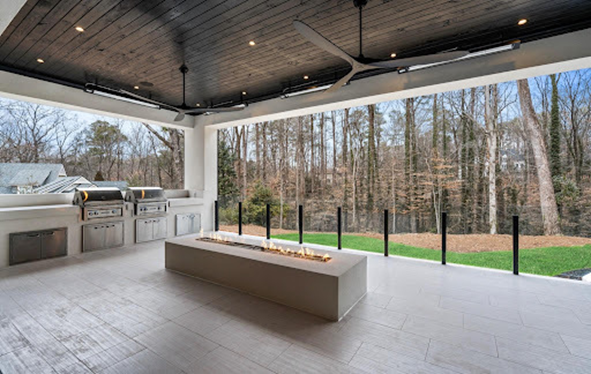 An outdoor entertainment and kitchen area that features outdoor grills and a rectangular firepit.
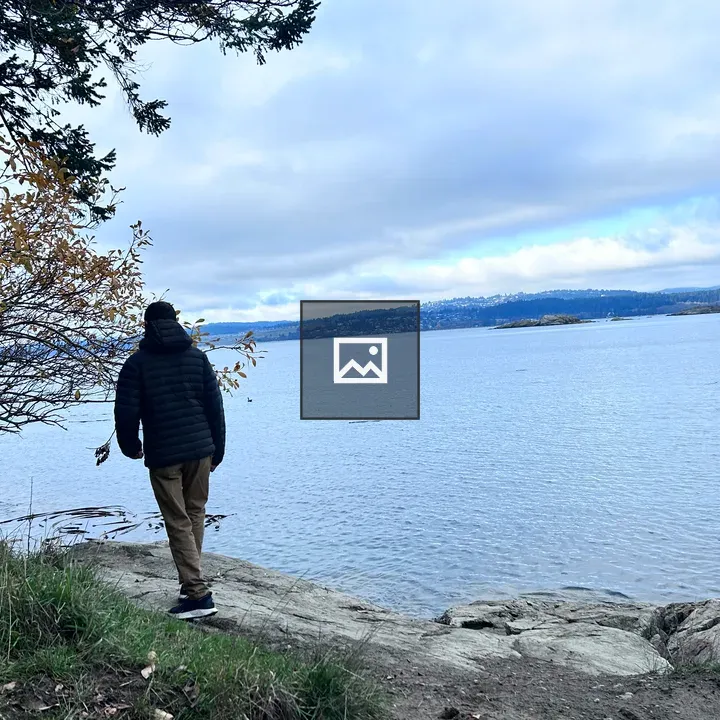Man Walking on Sea Beach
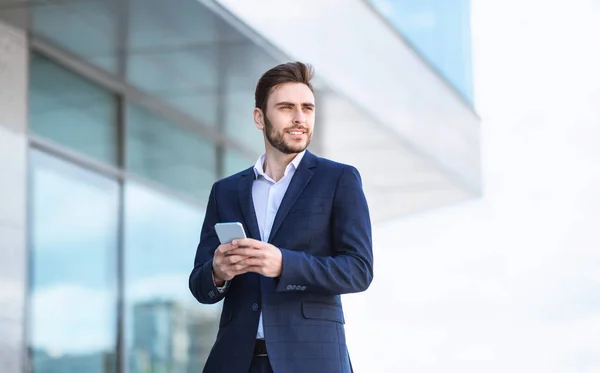 Financiero guapo en traje de negocios navegar por la web en su teléfono inteligente al aire libre — Foto de Stock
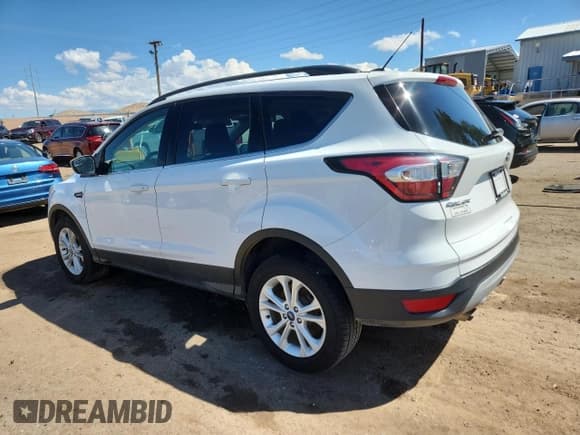 ✅ 2018 Ford Escape SE • VIN: 1FMCU9GD1JUB01911 • Lot: 80621525. Wystawiony na Copart z przebiegiem 91 262 mil. Bezpłatny archiwum sprzedaży aukcyjnych z USA i szczegółowy raport historii pojazdu na DreamBid. Zdjęcie 2.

◆ **How to complete this task**: Leaving the pictures out, output all of the listing exactly.

◆ **Task answer**:
 An outdoor entertainment and kitchen area that features outdoor grills and a rectangular firepit.
Man Walking on Sea Beach
 Financiero guapo en traje de negocios navegar por la web en su teléfono inteligente al aire libre — Foto de Stock
 ✅ 2018 Ford Escape SE • VIN: 1FMCU9GD1JUB01911 • Lot: 80621525. Wystawiony na Copart z przebiegiem 91 262 mil. Bezpłatny archiwum sprzedaży aukcyjnych z USA i szczegółowy raport historii pojazdu na DreamBid. Zdjęcie 2.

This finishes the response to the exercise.